Pictures stay out. Everything else in the listing below gets written out exactly.

MATERIAL PROVIDED —
.....

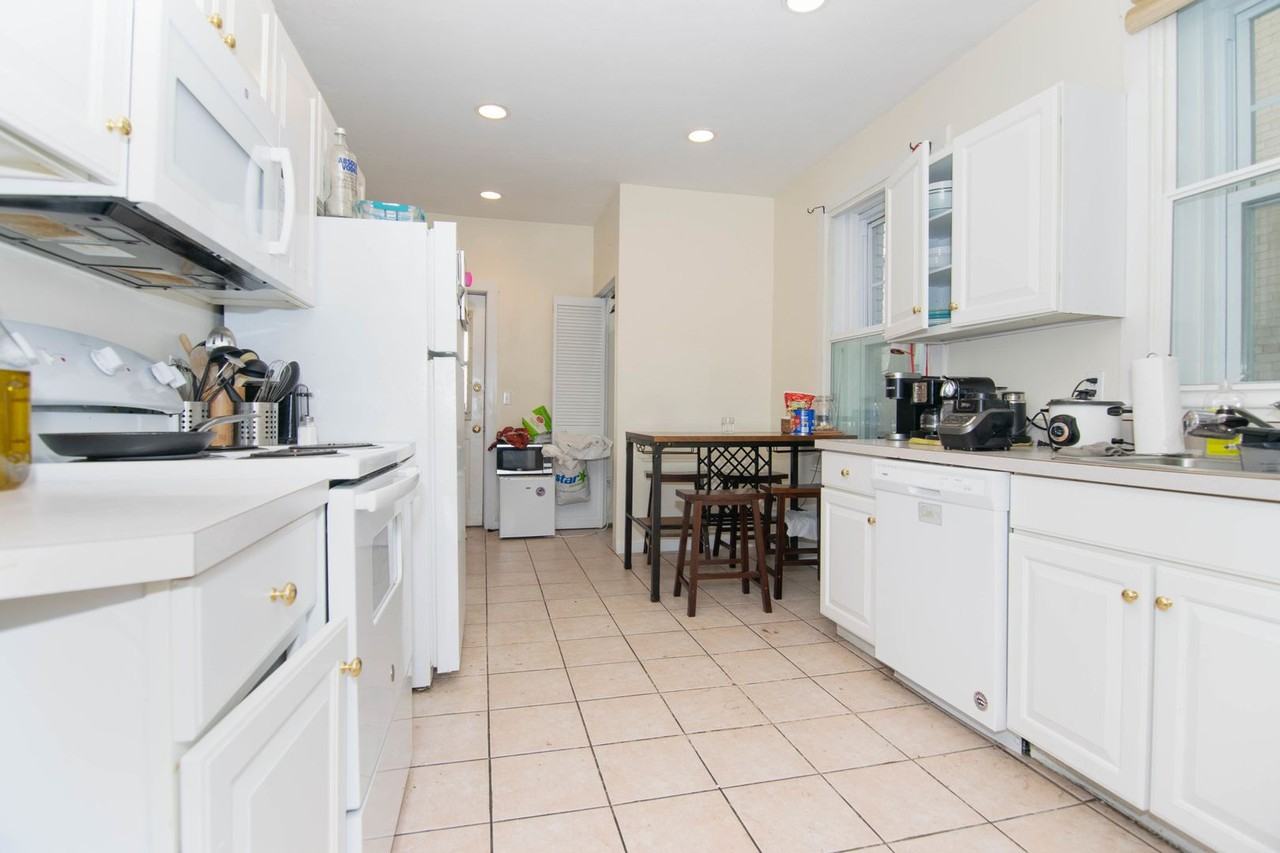 60 Gibbs St - Photo 2 of 12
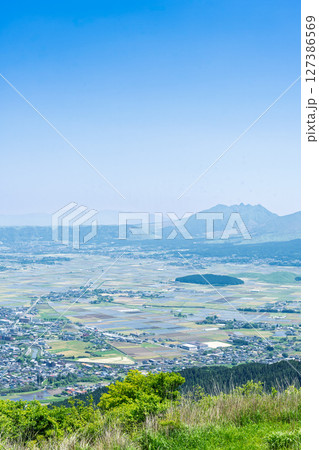 かぶと岩展望所から観える絶景風景 (阿蘇市) かぶと岩展望所から観える絶景風景 (阿蘇市) 127386569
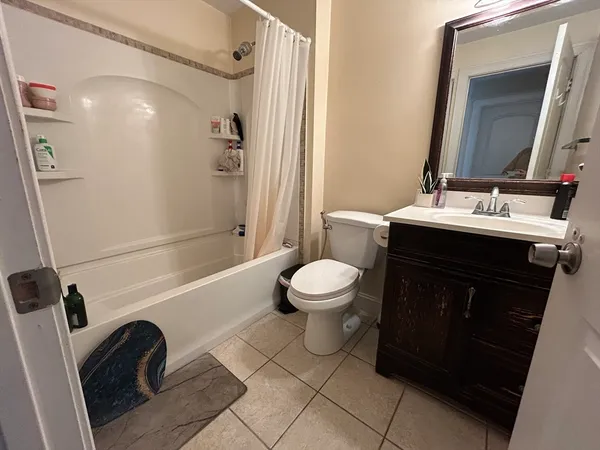 $4,800 | 191 Boylston Street, Unit 1, Boston, MA 02130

.....

YOUR SOLUTION —
 60 Gibbs St - Photo 2 of 12
 かぶと岩展望所から観える絶景風景 (阿蘇市) かぶと岩展望所から観える絶景風景 (阿蘇市) 127386569
 $4,800 | 191 Boylston Street, Unit 1, Boston, MA 02130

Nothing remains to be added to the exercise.